Interactive Gaming: What is it?


Interactive Gaming is an umbrella term to describe video games that utilize actions of the player to engage them in virtual gameplay.


Interactive gaming has many forms. Interactive gaming can use different forms of interactions: full-body movement, text/command-based input, button pressing, joystick input, mouse+click input etc. Gaming experiences are tailored to the type of interaction mandated of the player.


Here are some different examples of user-interaction used in gaming today.


Body-tracking: Nintendo Wii, Xbox Kinect


These systems use infrared tracking to track player movements and render them in real-time in a virtual environment. These systems can be used to create virtual avatars of players that interact with the virtual environment.

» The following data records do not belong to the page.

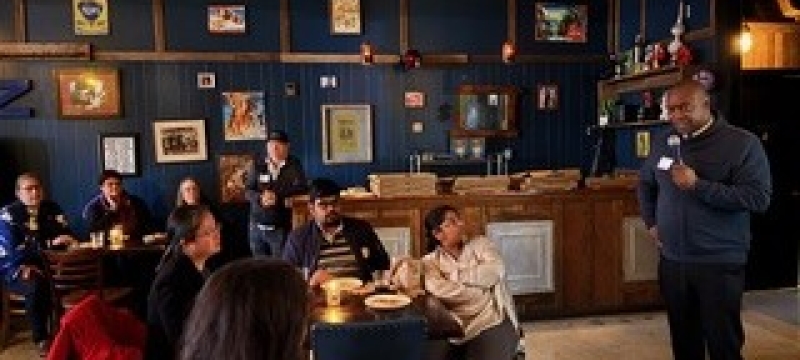 photo of speaker and audience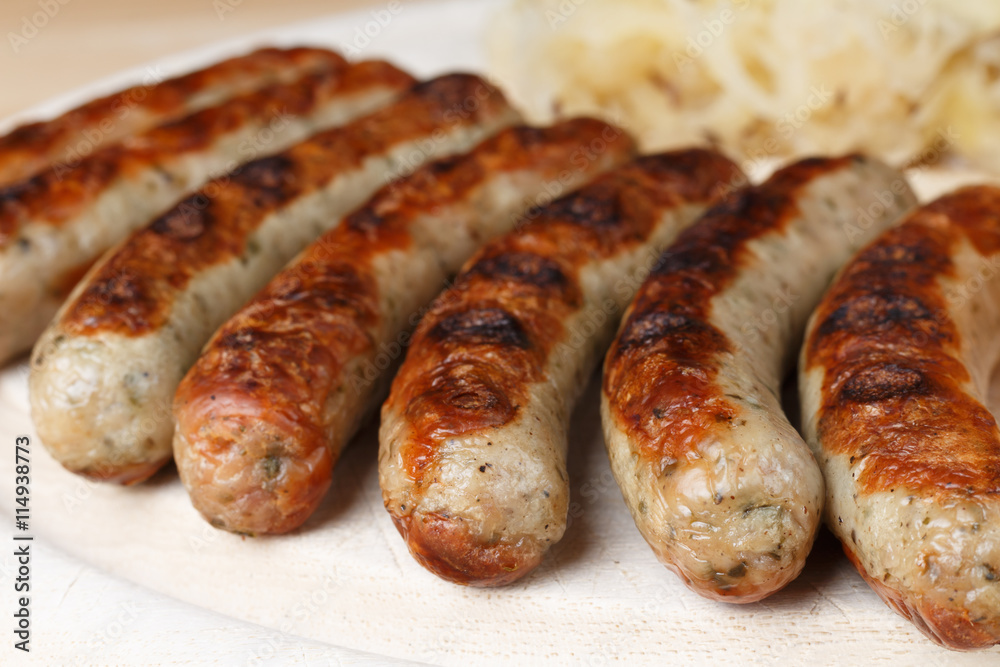 Authentic sausages from Nuremberg Bavaria with Sauerkraut and Roll Authentic sausages from Nuremberg Bavaria with Sauerkraut and Roll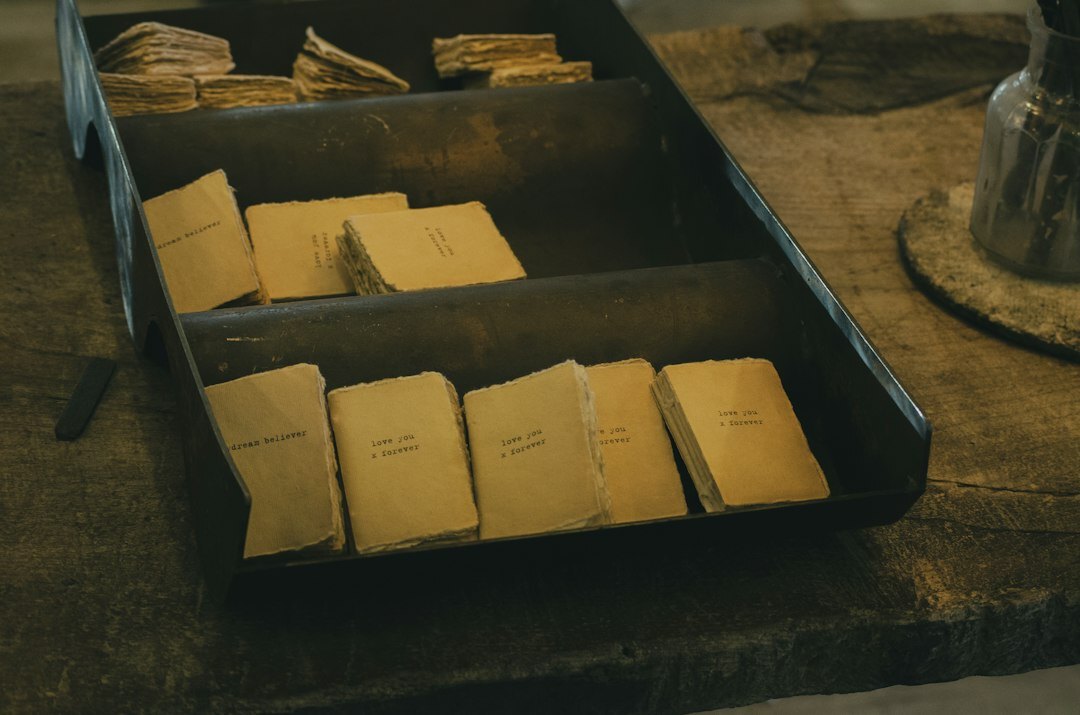 Stack of old documents and files on a wooden desk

For example, Wii Sports is able to show avatars interacting with virtual agents through sports games like tennis, bowling, and swimming. These activities engage the user on a full-body level. The experiences are also enhanced by haptic-feedback from Wii remote-controllers. In game experiences feel real due to this haptic feedback


This level of full-body engagement is great to simulate the actual experiences of sports, slaying dragons etc. but can only engage the user for so long before fatigue kicks in. This is why sales of such devices were so negatively impacted. For the most part, when people want to play video games, they want to relax, meaning interacting the least part in full-body movement.


Controller-based:


Controller based systems utilize video game controller that is connected to gaming systems through wired or wireless connections. These controllers, in large part, consist of a simple interface including buttons, triggers, and joysticks.


For example, the Xbox One S controller features, 4 (XYAB) buttons on the right-hand side, two joysticks on both sides, Xbox, View and Menu buttons, a d-pad (directional pad) and two spring-loaded triggers.

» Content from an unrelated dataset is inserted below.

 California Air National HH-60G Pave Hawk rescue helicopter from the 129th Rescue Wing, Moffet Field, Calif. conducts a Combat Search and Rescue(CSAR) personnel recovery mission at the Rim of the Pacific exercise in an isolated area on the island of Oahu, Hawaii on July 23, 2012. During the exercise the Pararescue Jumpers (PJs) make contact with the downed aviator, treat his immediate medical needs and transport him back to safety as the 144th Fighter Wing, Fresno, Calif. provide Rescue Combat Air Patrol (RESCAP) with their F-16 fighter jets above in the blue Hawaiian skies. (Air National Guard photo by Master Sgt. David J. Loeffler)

This controller is designed to give the user multiple tools to interact with virtual gameplay. In looking into each part, each has their own capabilities to leverage:


4 (XYAB) buttons: These four buttons all give the user easy access to enable commands and follow instructions. They give easy one-touch navigation through menus as well as act as facilitators for action sequences in games. If the game mandates that the user follow patterns or serial events with proper button execution, these buttons allow for them to complete those actions.

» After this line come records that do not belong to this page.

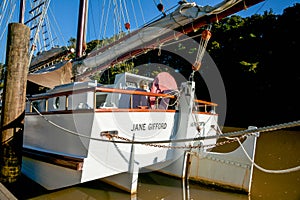 Old fashioned sailing boats moored alongside waterfront pier on Mahurangi River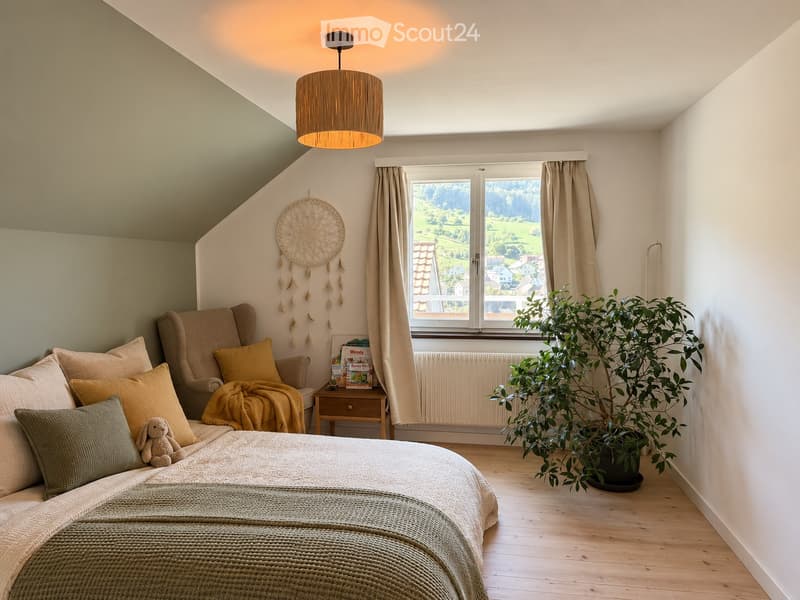 Cozy bedroom with a large window offering a scenic view, featuring a bed with pillows and a blanket, a sofa with cushions, a small table with books, a potted plant, and a dreamcatcher on the wall.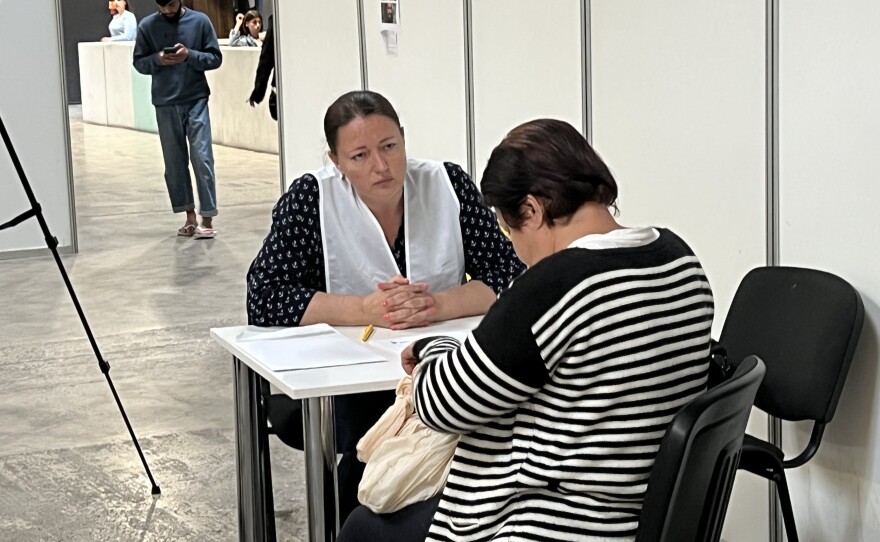 Katarina Sukhomlynova, a member of Ukraine's Mariupol city council and a first responder, volunteers at a refugee center in Poland. She is trying to encourage Ukrainians to give testimony.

Examples of this functionality in gameplay include fighting sequences in Naruto Shippuden’s Ninja Storm series for Xbox, as well as gameplay from action-fighting sequences in the Call-Of-Duty series.


Two Joysticks: The joysticks of the Xbox controller add a level versatility that is not possible with just one touch interaction. The joysticks are both omnidirectional, meaning that they can be moved/rotated in any x-plane direction. Usually in gameplay these two joysticks control the direction of player view. One joystick would control the x-direction of player rotation, while the second would control the y-direction of player rotation. The joysticks also feature rubber gripping on the edges so that players keep a good grip on their joystick controls. This is critical when a player is trying maneuver guerilla war tactics, navigate a base of dark elves etc. These controls can also be used to rotate in-game graphic models and items as well. Examples of this functionality in gameplay include navigating your character in the maps of Fortnite, as well as rotating world maps in Elder Scrolls: Skyrim.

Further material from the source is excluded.